Conventions for LinearTransformation (right-multiply vs left-multiply)

[beneisner]

Hi,

I was wondering if the conventions for the LinearTransformation class are. Specifically, how the linear transformation is actually applied.

In many settings, I'm familiar with the standard pre-multiplication convention for a rotation. For instance, if I have matrices

R = [ b1, b2, b3 ]  # 3x3 matrix with basis vectors
t = [ [a1], [a2], [a3] ]  # dx1 vector, i.e. a point in a pointcloud

then I would expect that the linear transformation of this vector t would be:

t_prime = R @ t
or
t_prime = torch.matmul(R, t)

Both of these yield dx1 matrices.

Understandably, when things are batched, you might want to use matmul slightly differently to maintain shapes. In the LinearTransformation class, data.pos has a shape of [N x d], where N is the number of points and d is the dimensionality of the points (d=2 or d=3, typically). When applying the transformation, the code in LinearTransformation applies:

# Truncated for simplicity...
data.pos = torch.matmul(pos, matrix)

which does in fact yield a [N x d] matrix, since matrix is square. However, this is a different operation than the convention I mentioned in the first example. In fact, if matrix is a rotation matrix (and thus orthonormal), it applies the inverse transformation (since R^(-1) = R.T). Modifying the above line to:

data.pos = torch.matmul(pos, matrix.T)

would put the result in line with my expectation, since it's equivalent to:

data.pos = (R @ pos.T).T

My question is: what is the intended convention in LinearTransformation? Because when consumers of LinearTransformation construct their rotation matrices, they seem to be constructing them in a way that expects the "left-multiply" convention I described (for instance, RandomRotation constructs rotations using standard left-multiply rotation matrix conventions).

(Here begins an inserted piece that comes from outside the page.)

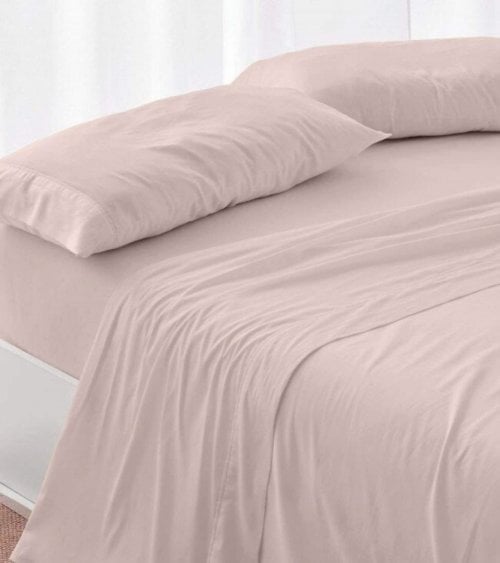 Sábana Bajera 180 Hilos Lisas de 100% Algodón Percal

Thanks again for a great library :)

[rusty1s]

Thanks for this issue. I think that you are right that it's more intuitive to first transpose the matrix before using it, e.g.:

self.matrix = matrix.t()

We use this linear transformation mostly for augmentation, in which it does not matter whether to apply the correct or inverse transformation. Nonetheless, I think we should fix this. Are you interested in contributing this?

[beneisner]

Ok, sounds good. Just submitted a PR #2777.